Maybe instead of per diem, the more honest name would be the double-dip.

Legislators have been whining for years that they are underpaid; yet they have not had the courage to vote for a raise for themselves, as the law allows. Instead, they’ve been dipping into the state treasury for extra fees.

And now the feds have accepted Stewart-Cousins’ invitation to swarm Albany and review legislators’ financial records – the ultimate nuclear option in the bloodletting between mainline Democrats and the Independent Democratic Conference.

Now any chance of Stewart-Cousins ever reuniting Democrats in the state Senate is likely over. That’s probably why she’s exploring running for county executive in Westchester. Why endure another legislative session with the “three men in the room” hammering out important decisions while she peers through the keyhole?
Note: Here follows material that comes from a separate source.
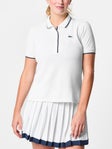 Lacoste Women's Heritage Ultra Dry Polo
It didn’t have to be this way. Stewart-Cousins’ decision not to reach out to IDC Leader Jeffrey Klein following the 2016 election was a failure of leadership. Instead of trying to harness voters’ discontent with the national election by reinvigorating the state party to elect more Democrats, the leader of the state Senate mainline Democrats is plotting to run candidates against fellow Democrats. And now she’s compounding her failures by encouraging the feds to sift through the muck.

Millions of New Yorkers have been marching in streets across the state since Trump was elected president. Many thought that New York would be a sanctuary for progressive politics during this era. But for progressive politics to flourish, we actually need smart, united progressive leaders, and an end to petty infighting.